What this task involves.
Work through the listing below and give again exactly the lines from the one with "Image result for Kalanchoe pinnata" to the one with "Elephant on sunset", both ends included. All other lines and all pictures stay out.

Entries shown.
----------------------------------------
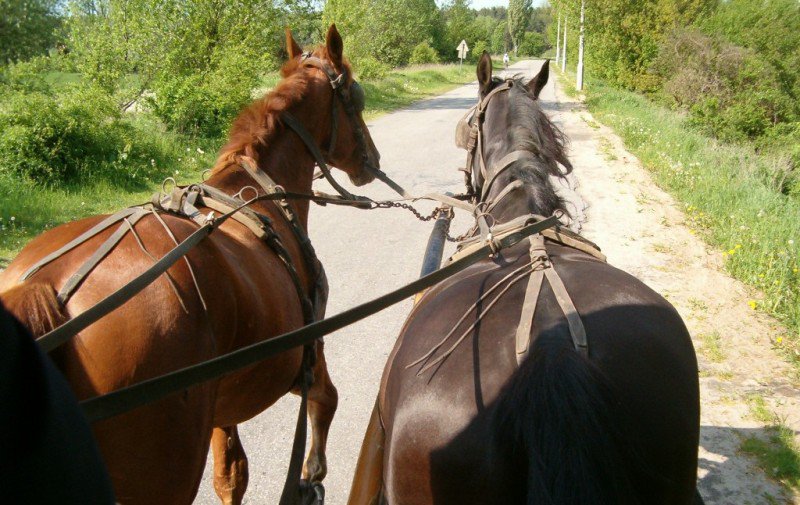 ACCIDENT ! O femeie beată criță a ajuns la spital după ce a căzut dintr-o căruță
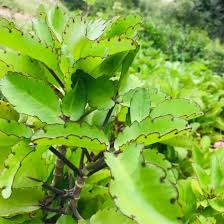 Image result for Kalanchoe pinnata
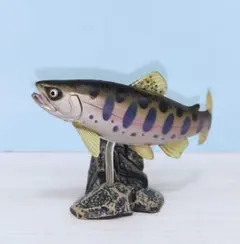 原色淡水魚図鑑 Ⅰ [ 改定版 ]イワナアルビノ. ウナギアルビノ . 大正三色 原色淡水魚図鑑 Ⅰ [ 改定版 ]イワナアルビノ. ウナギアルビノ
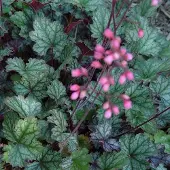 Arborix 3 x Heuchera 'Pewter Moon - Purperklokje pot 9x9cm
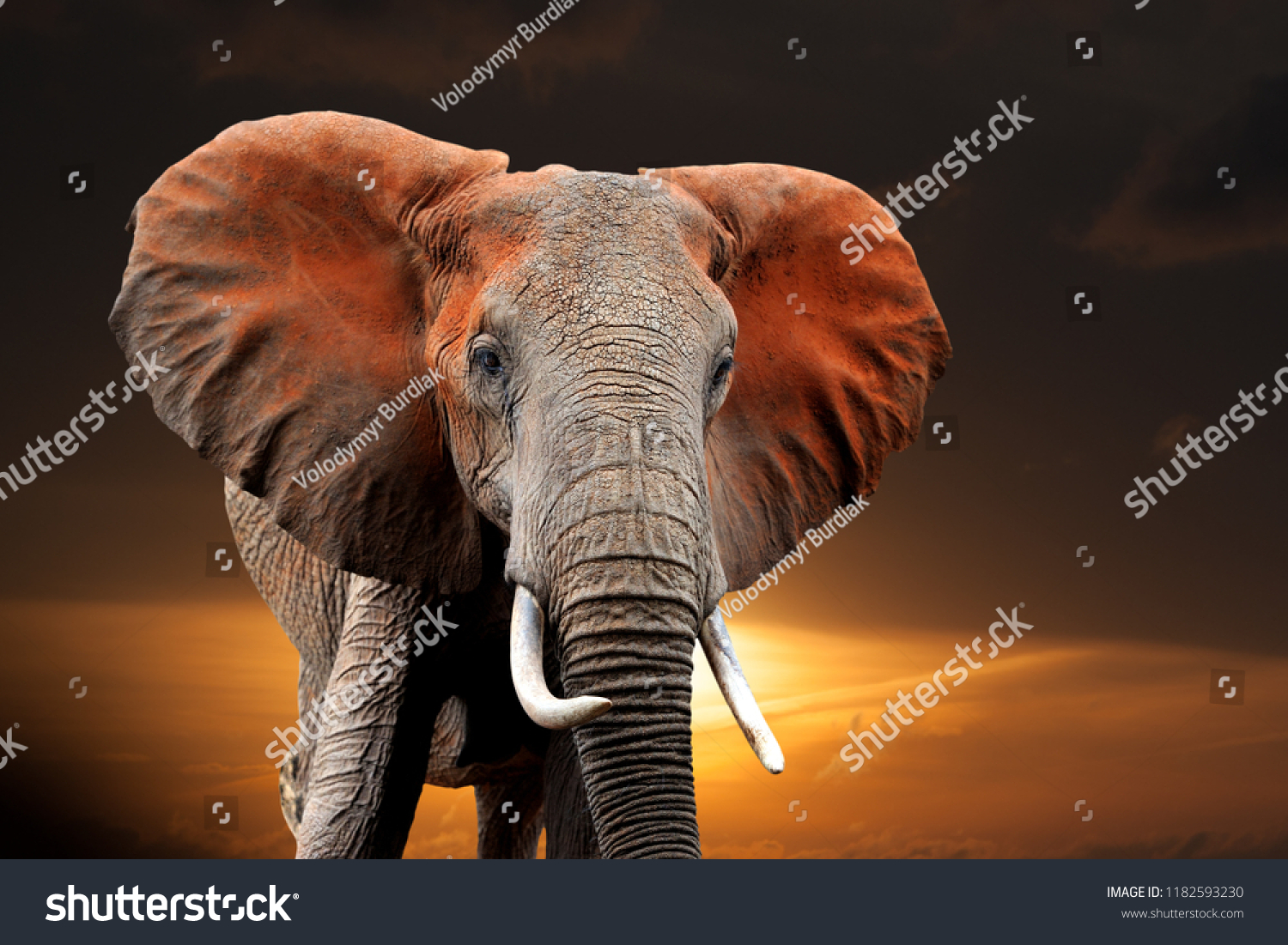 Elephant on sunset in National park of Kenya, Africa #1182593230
----------------------------------------
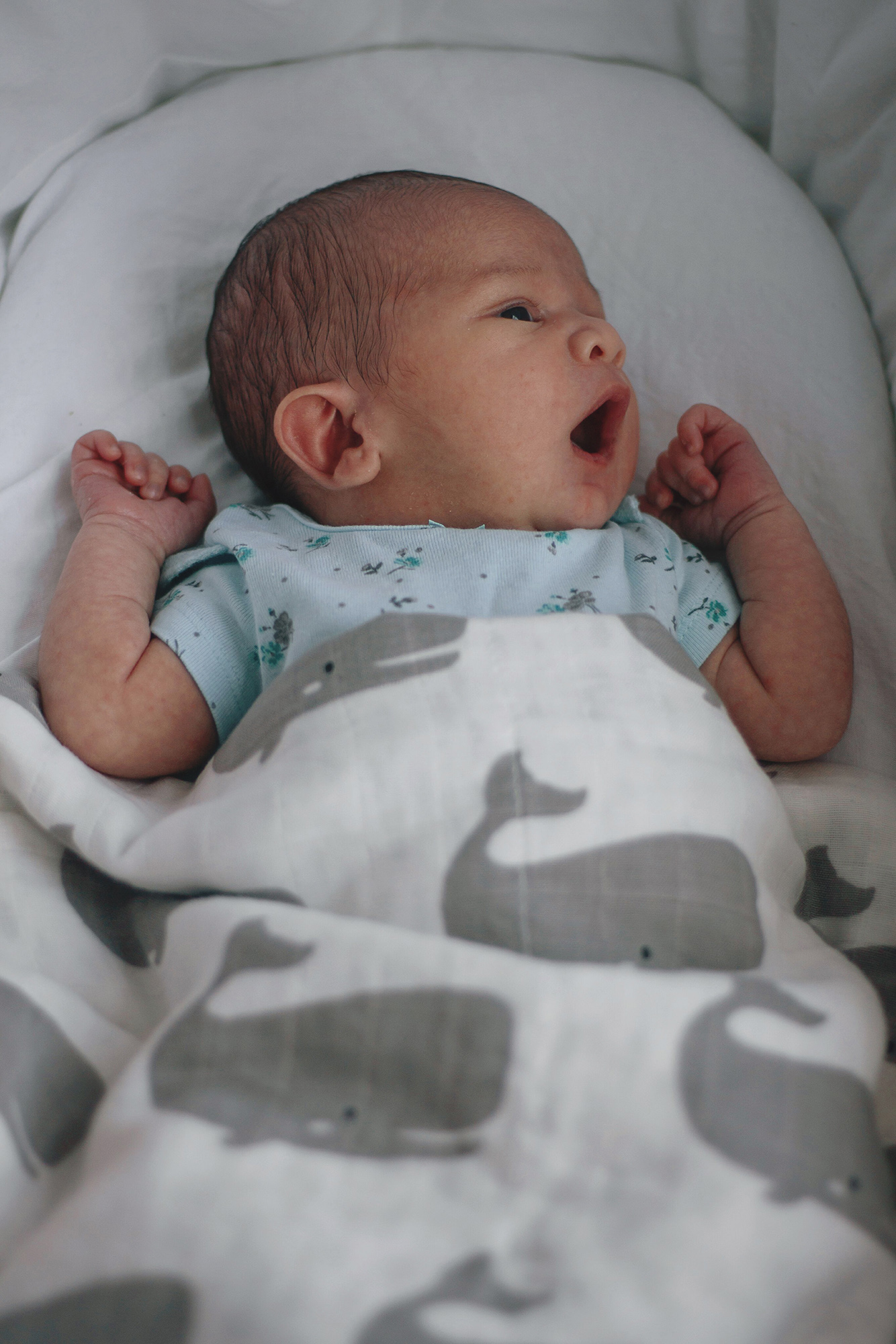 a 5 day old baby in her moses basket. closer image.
----------------------------------------
Answer to this problem.
 Image result for Kalanchoe pinnata
 原色淡水魚図鑑 Ⅰ [ 改定版 ]イワナアルビノ. ウナギアルビノ . 大正三色 原色淡水魚図鑑 Ⅰ [ 改定版 ]イワナアルビノ. ウナギアルビノ
 Arborix 3 x Heuchera 'Pewter Moon - Purperklokje pot 9x9cm
 Elephant on sunset in National park of Kenya, Africa #1182593230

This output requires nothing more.